Pilot Nick Conlan (Kent Taylor) applies for a job in the State Air Police Force. Known as undisciplined, Nick is warned by Major Smith (Stanley Andrews), the commander, that any infraction of the rules will result in instant dismissal. Nick visits the cafe hangout of the Sky Police, where he encounters waitress Barbara Whitney (Rochelle Hudson), his estranged wife and former stewardess who ignores Nick.
Major Smith and Captain Higgins (Guy Usher) of the State Motor Police are stymied over a series of holdups in their sector. A band of clever crooks seem to have advance information on the movement of large payrolls, bank transfers and jewelry shipments. The secret of their success lies in having access to two locations: the cafe owned by Jerry Petri (Frank Puglia), who has microphones and tape recorders to record pilots, which are sent by carrier pigeon to Dr. Amos Pettingill (Lucien Littlefield), the brains behind the operation and owner of a health spa and pigeon farm.

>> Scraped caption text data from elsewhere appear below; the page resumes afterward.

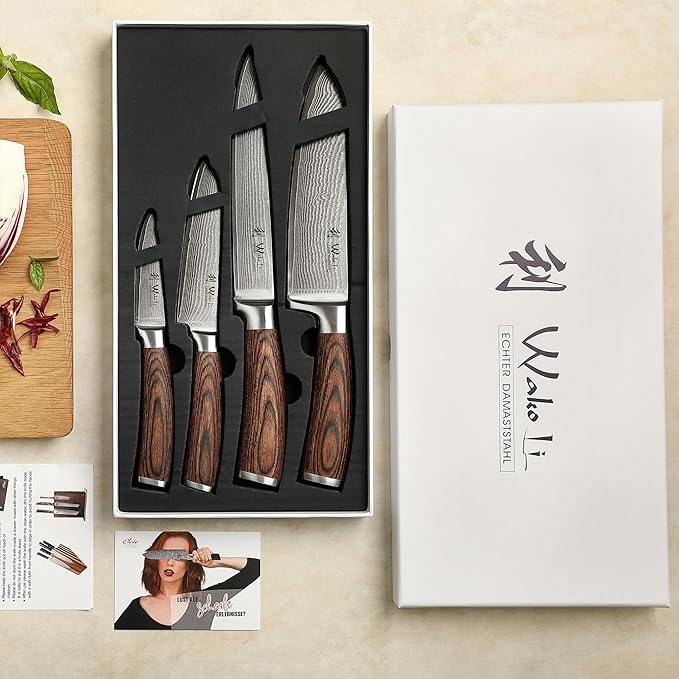 Wakoli EDIB 4-Piece Damascus Knife Block Set – Professional Kitchen Knives with Magnetic Acacia Block, 67-Layer Damascus Steel Blades and Ergonomic Pakkawood Handles – Premium Knife Set with Block
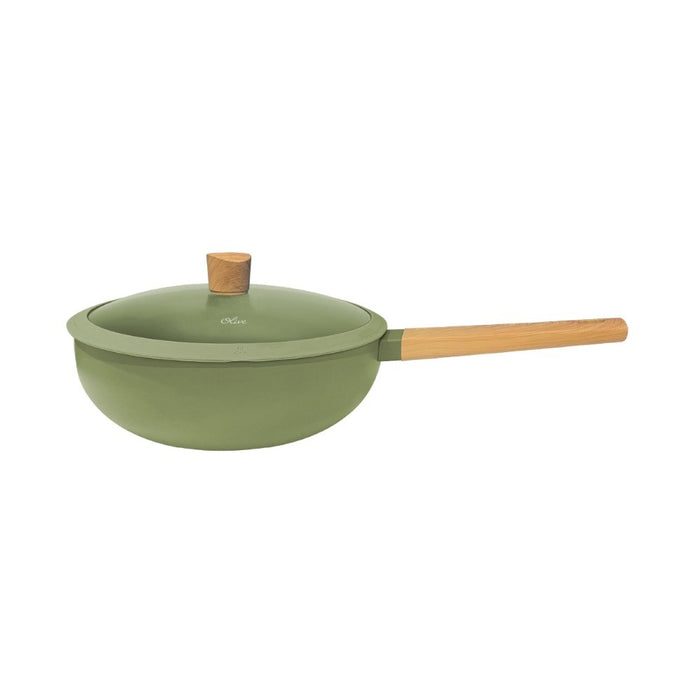 Wok de aluminio con antiadherente olive con tapa 28 cm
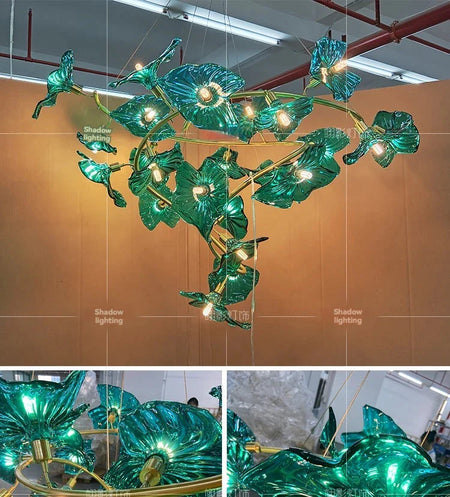Luminaire IL482931 : Lustre en Verre Vert et Cuivre Poli-ILLUMEEN.COM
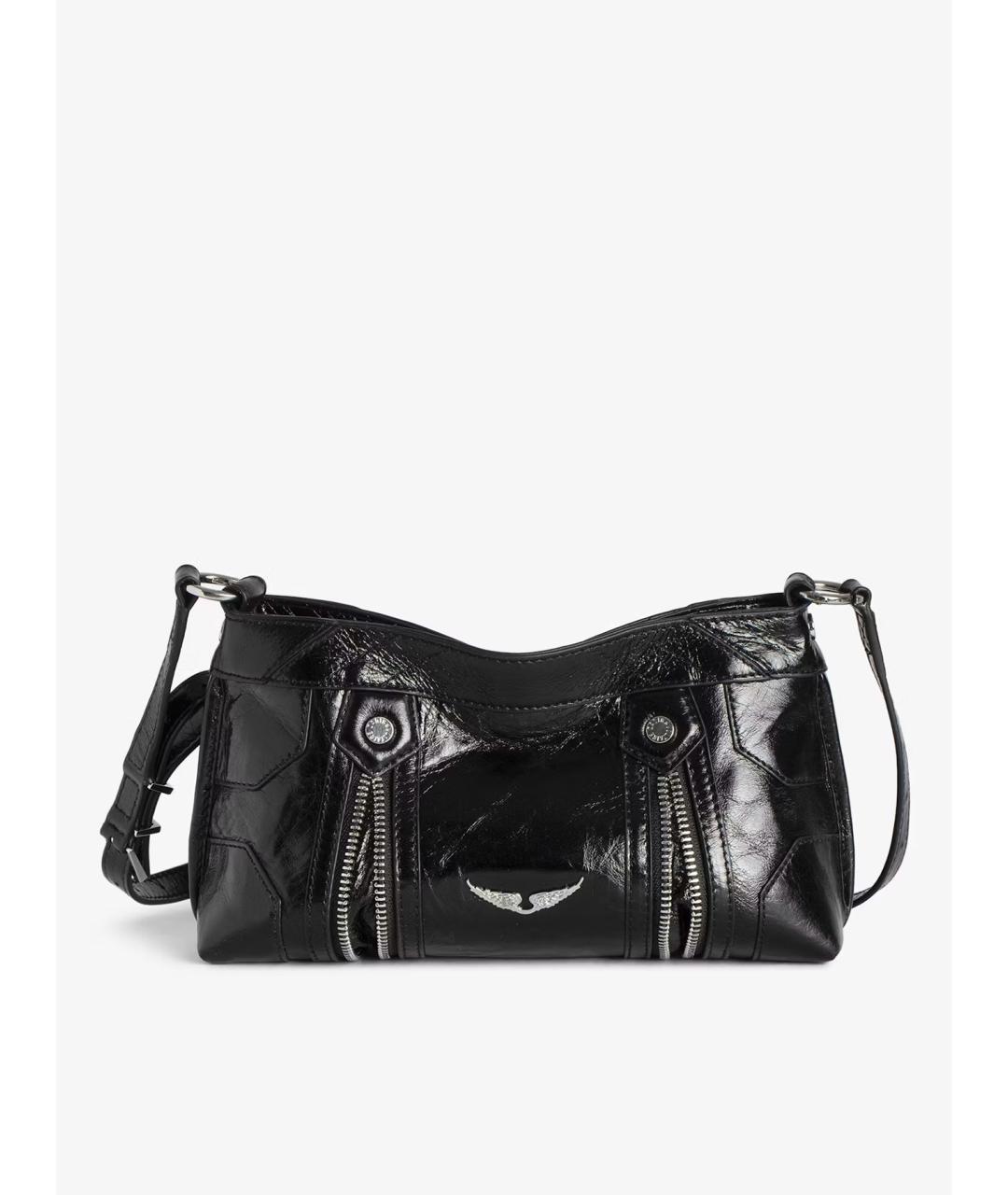 ZADIG & VOLTAIRE Черная кожаная сумка через плечо, фото 4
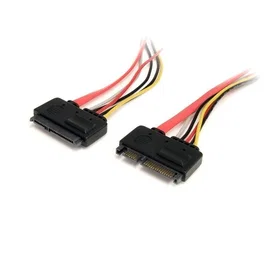 StarTech.com Cable de Extensión SATA de 22 Pines - Serial ATA Macho a Hembra - 0,3m - SATA I, 7+15 Pines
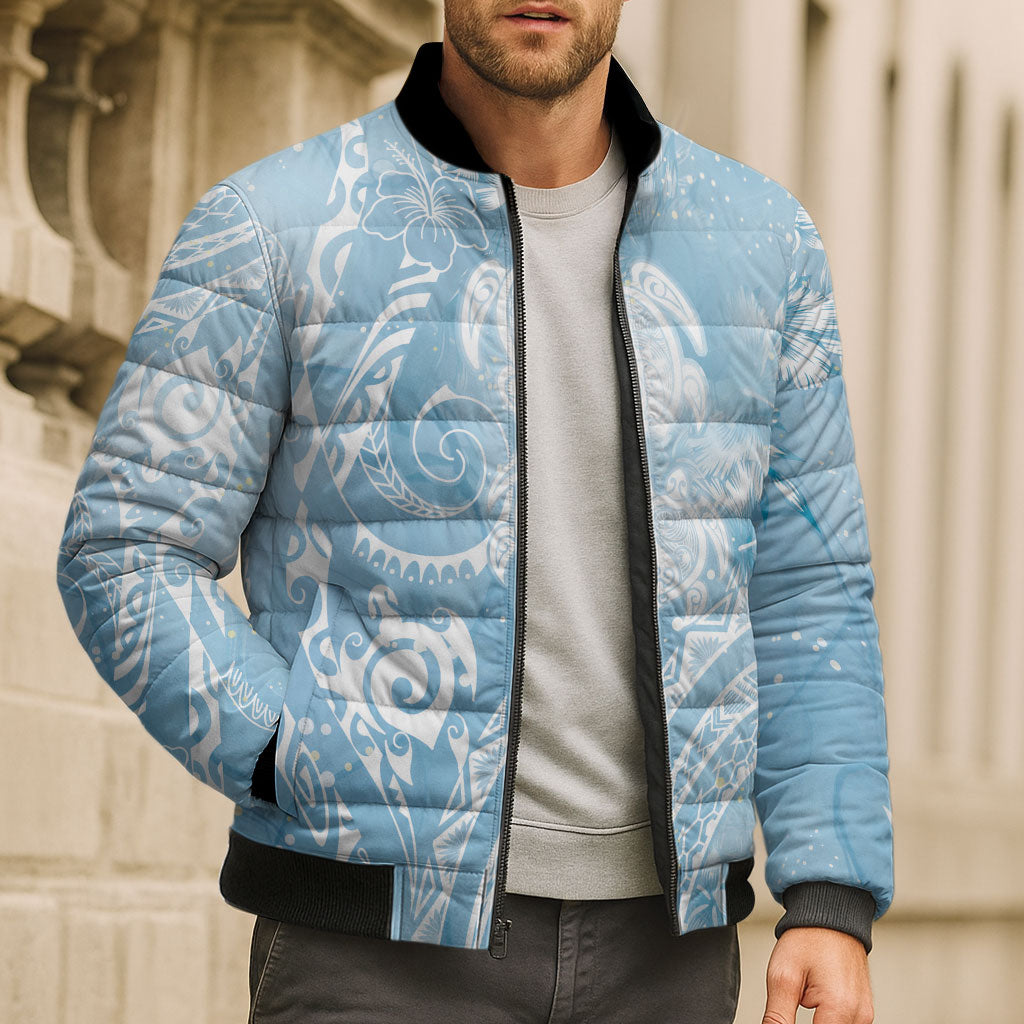 Aloha Hawaii Turtles Floral Bomber Puffer Jacket Aqua Marbles Glaze
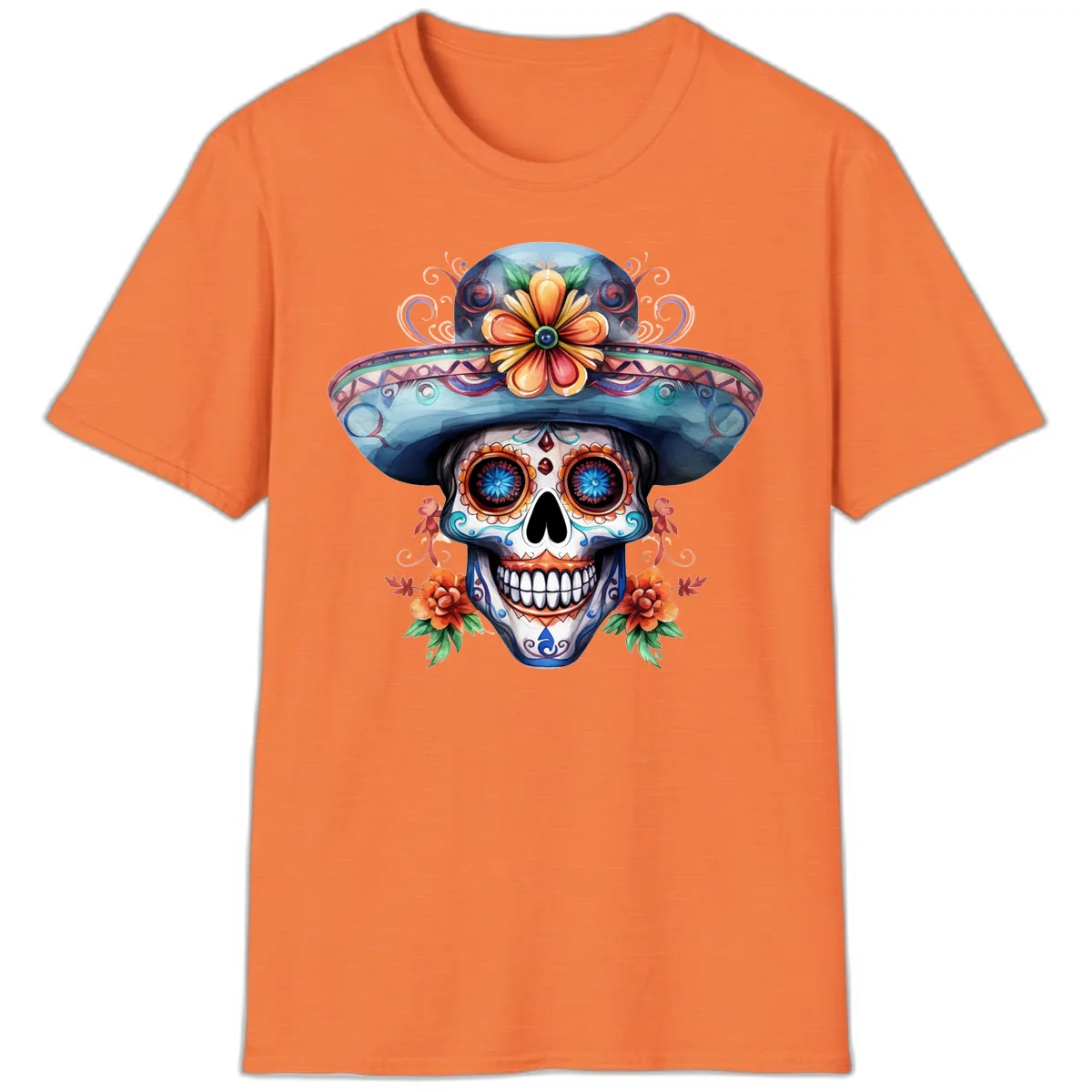 Vibrant Calavera Skull with Floral Sombrero T-Shirt in Heather Orange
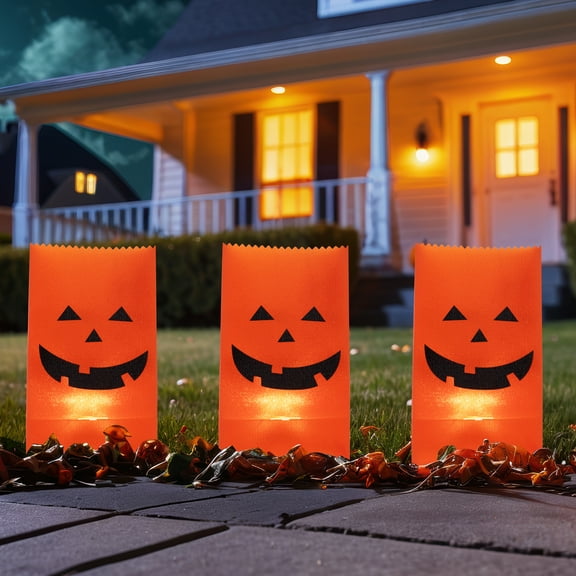 Northlight Lighted Jack-O-Lantern Halloween Outdoor Luminary Pathway Markers - 9.5" - Set of 3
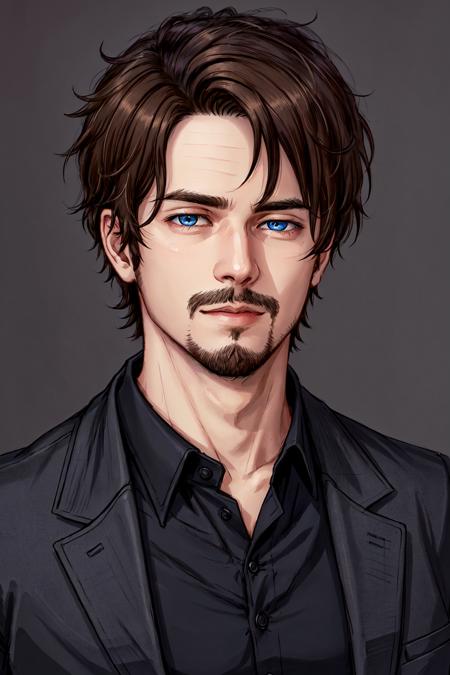 Xander Ellis,  solo,  looking at viewer,  short hair,  blue eyes,  brown hair,  shirt,  1boy,  closed mouth,  jacket,  male focus,  black shirt,  facial hair,  portrait,  realistic,  light stubble, <lora:EMS-45585-EMS:0.400000>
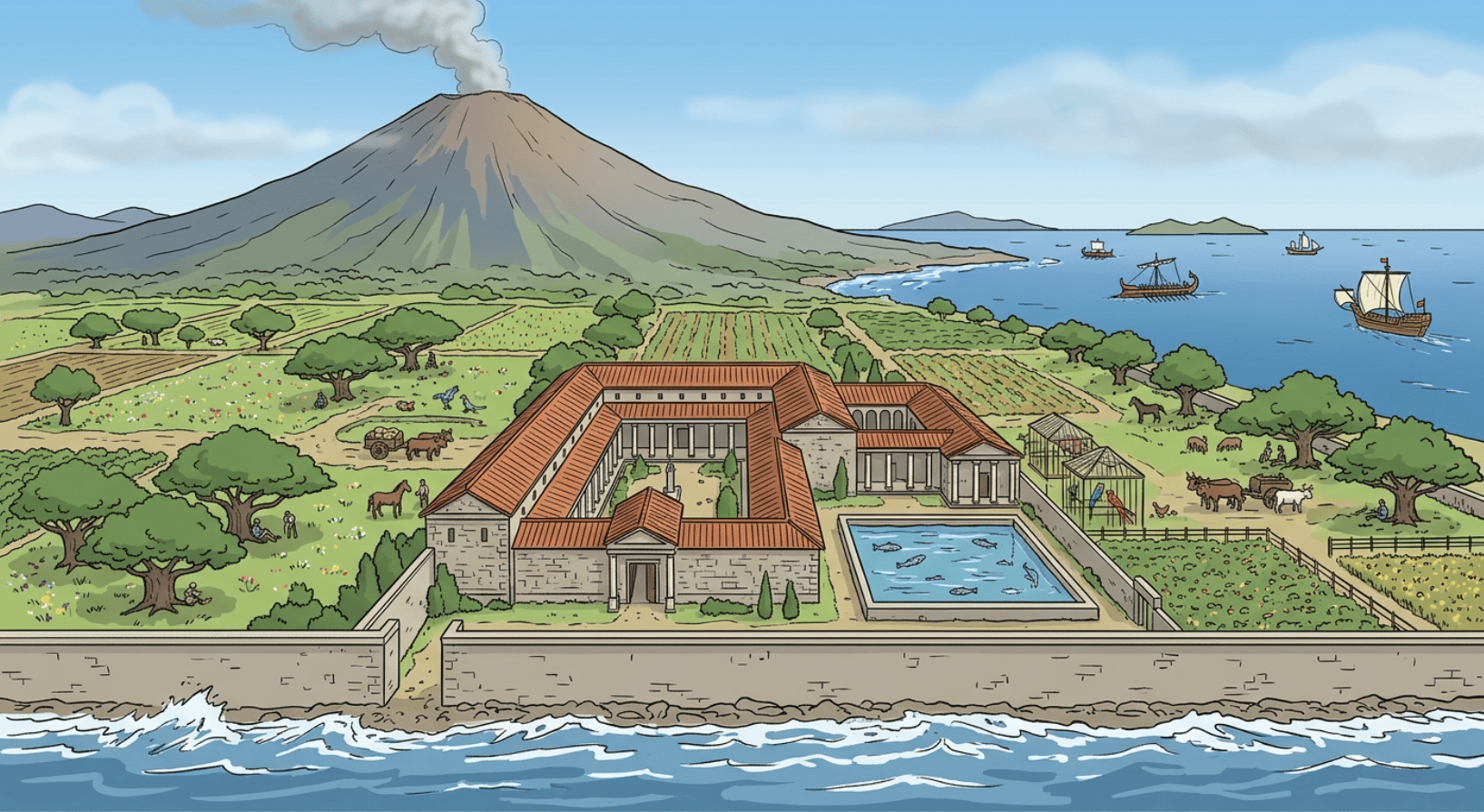 generated image of a view of villa near Pompeii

After each holdup, the robbers, fly to Pettingill's health spa, where they pose as patients. Nick becomes suspicious of the doctor when he lands without orders, at the health spa, spotting several cans of high-test gas.
Nick is fired for disobedience and takes a job flying aircraft for a millionaire sportsman. Meanwhile, Barbara stumbles upon the secret recording room at the cafe and is taken prisoner by Petri. Nick, looking for Barbara at the cafe, discovers the pigeons. Unravelling the secret of the robberies, the major sends his crack pilot, Bill Lambert, (Regis Toomey) to intercept one of the doctor's planes. Nick follows and when Lambert is shot down, Nick calls headquarters and forces the criminal's aircraft down.
With the gang arrested, Nick is reinstated into the Sky Police, and Barbara comes back to him.
Although featuring some aerial action, aviation film historian James H, Farmer in Celluloid Wings: The Impact of Movies on Aviation (1984) dismissed Pirates of the Skies as, "a poor second bill offering for the juvenile crowd.[6] In Stephen Pendo's landmark, Aviation in the Cinema (1985), Pirates of the Skies was just another "low-budget actioneer."[7][N 1]
References
Notes
^Film historian Hugh H. Wynne in The Motion Picture Stunt Pilots and Hollywood's Classic Aviation Movies (1987) noted that Pirates of the Skies was one of a large group of 1930s films where aviation was incidental to the plot, even if the title suggested otherwise.[8]